Clearstreams appeal against the ECs 2004 ruling that it had abused a dominant market position has been rejected. The Court of First Instance has upheld the Commissions decision in its entirety.
The commission had found that Clearstream Banking AG and its parent company Clearstream International SA had violated Article 82 of the EC Treaty. Clearstream had refused to supply certain clearing and settlement services to one of its customers (Euroclear Bank SA), and applied discriminatory prices to that same customer.
The Court of First Instance confirmed Clearstream’s dominant position on the market for primary clearing and settlement and pointed out that intermediaries, such as Central Security Depositories (CSDs) and International CSDs (ISCDs), can only provide clearing and settlement services for securities issued in Germany to their customers if they can make use of Clearstreams services. The Court of First Instance held that Clearstreams monopoly for custody services stipulated in German law resulted in a corresponding monopoly for clearing and settlement services.

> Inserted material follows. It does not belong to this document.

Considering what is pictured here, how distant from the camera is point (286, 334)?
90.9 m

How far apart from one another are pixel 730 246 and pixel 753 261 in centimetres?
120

In its judgment the Court of First Instance also confirmed that Clearstream Banking AG and Clearstream International abused their dominant position by not providing Euroclear access to the services it had requested for more than 2 years, whereas they provided access to other customers including Clearstream Banking Luxembourg in a matter of months. The Court pointed out the special responsibility of undertakings in a dominant position not to allow their conduct to impair the genuine undistorted competition on the common market and rejected Clearstream’s arguments. As to the question of charging a higher per transaction fee to Euroclear than to other similar customers between January 1997 and January 2002, it was held that the primary clearing and settlement services for cross-border transactions provided by Clearstream Banking to ICSDs and CSDs are equivalent services and consequently Clearstream’s behaviour amounted to discriminatory pricing which is prohibited by community law.
Although the infringements had been terminated, the Commission adopted the decision to provide the necessary legal clarity to Clearstream and to other companies active in post trading services given the importance of cross-border trading in securities within the EU.
The Commission decided not to impose a fine. Among other factors, it was taken into account that there is no Community case law or jurisprudence dealing with the competition analysis of clearing and settlement.